Green coding - VictoriaMetrics: The efficiency vs complexity trade-off 

This is a guest post written for the Computer Weekly Developer Network by Roman Khavronenko in his position as co-founder at VictoriaMetrics, a company known for its time series database technology and high performance monitoring solutions.

VictoriaMetrics’ openly states that its business objective has always been efficiency – and says that from this efficiency comes consistently sustainable standards and soutions.

Khavronenko writes in full as follows…

Fueled by concerns around climate change, the concept of green coding has become a hot topic in software development. While minimising energy consumption and environmental impact through code is important, achieving this requires a delicate balancing act between efficiency, functionality and simplicity.

One of the biggest culprits behind writing inefficient code is a lack of focus during development. Put simply, code gets bloated if the organisation doesn’t prioritise efficiency. When developers prioritise speed to market over efficiency, intricate and convoluted code structures can emerge. These structures are difficult to understand and modify, making it challenging to optimise later.

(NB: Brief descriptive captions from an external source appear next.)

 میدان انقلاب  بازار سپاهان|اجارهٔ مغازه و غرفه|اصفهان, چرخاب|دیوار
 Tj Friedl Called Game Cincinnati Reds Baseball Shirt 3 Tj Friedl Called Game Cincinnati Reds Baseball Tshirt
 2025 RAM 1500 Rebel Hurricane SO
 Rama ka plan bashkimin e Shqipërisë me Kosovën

Inefficient code is often a symptom of the overuse of external libraries. 

While libraries offer pre-built functionality all in one place, they often come with extra features not required for the specific task in hand. Including unnecessary functionalities increases the code’s size and complexity, ultimately leading to wasted resources.

Library laziness?

Finding the right balance between efficiency and practicality is key. While completely rewriting every function from scratch isn’t ideal, blindly relying on bloated libraries can be equally detrimental. A good approach is to carefully evaluate libraries and incorporate only the necessary functionalities. This can significantly reduce the code size, whilst improving efficiency and simplicity. It can also provide more flexibility, as it’s far easier to modify your own code instead of fighting with the code of the library.

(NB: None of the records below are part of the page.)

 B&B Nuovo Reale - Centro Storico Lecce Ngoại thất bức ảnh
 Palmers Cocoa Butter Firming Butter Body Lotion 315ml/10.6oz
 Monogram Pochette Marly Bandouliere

At this point we can remind ourselves of a core home truth i.e. just because it’s easy, doesn’t mean it’s good.

Language choice

Another significant factor impacting coding efficiency is language choice. 

While Python is praised for its readability, it’s not generally considered an efficient language due to obstructions. For example, unlike compiled languages like C++, Python is interpreted. This means the code is translated line by line during runtime, which can be slower than pre-compiled code that runs directly on the machine.

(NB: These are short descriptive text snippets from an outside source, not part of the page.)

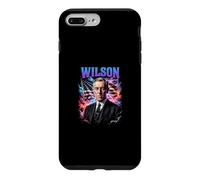Carcasa para iPhone 7 Plus/8 Plus Woodrow Wilson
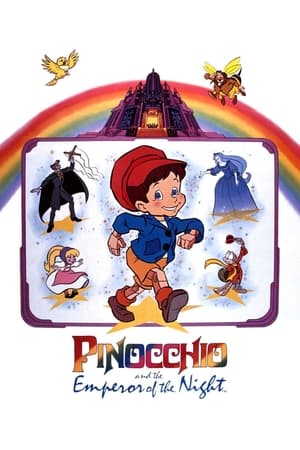 Pinocchio and the Emperor of the Night watch Pinocchio and the Emperor of the Night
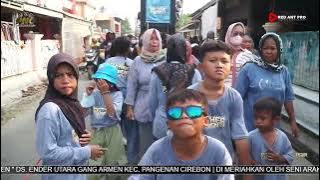 UNYU UNYU VOC. AYU PERMATA SARI | PUTRA NAFITA CAYA | AREMN ENDER UTARA CIREBON | 23 SEP 2024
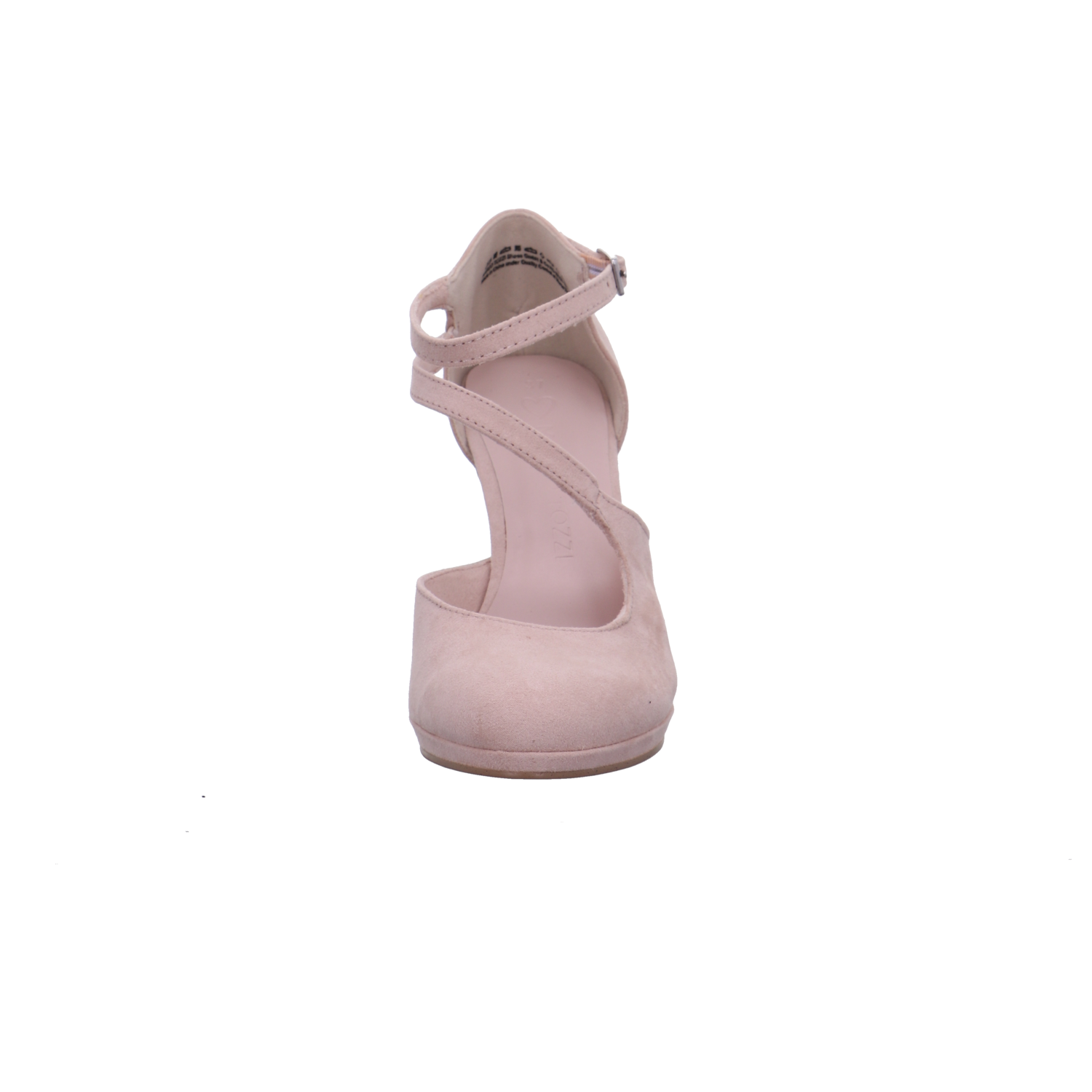 Marco Tozzi Sandalen rose Bild3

Python is also dynamically typed, so while this makes it flexible and easier to learn, it can lead to inefficiencies. The interpreter needs to perform checks at runtime to ensure data types are compatible, adding an extra step compared to statically typed languages where type mismatches are caught during compilation.

In contrast, C++ is known for its efficiency because the code can be translated very effectively into instructions a computer understands directly. This closeness to the machine translates to faster execution speeds. However, the trade-off between efficiency and ease of use is equally important – and Go, a compiled, statically typed language attempts to bridge this gap. 

Khavronenko: Just because it’s easy, doesn’t mean it’s good.

One of the features Go boasts is that it provides execution performance comparable to C++, but is easier to use for everyday work.

Gen-AI realities

So remember, if you solely rely on generative AI to write code, you’re not a software engineer.

The emergence of generative AI tools has sparked discussions about their potential impact on code efficiency. Technological evolution is imperative, but while these tools can generate code snippets, they lack the deep understanding and logic required to write truly efficient and optimised code.

In the hands of an inexperienced developer, AI-generated code can be riddled with inefficiencies. If an engineer asks generative AI to write code, it means they don’t fully understand what they need or how it works. Ultimately, if you can’t express your thoughts in code and need to ask a Gen AI platform to do it for you, perhaps you shouldn’t write code.

However, this isn’t to say generative AI is inherently bad.

As previously mentioned, technical evolution is positive and generative AI can act like a smart autocomplete, suggesting code snippets or function calls as you type, helping write code faster and with fewer errors. It can also analyse code and suggest improvements, like making it more readable. Nonetheless, human interpretation is still essential to ensure truly efficient code.

Observability is your green friend

Observability acts as a game-changer in the pursuit of efficient code, equipping developers with powerful monitoring tools that shed light on how code behaves in real-world situations. 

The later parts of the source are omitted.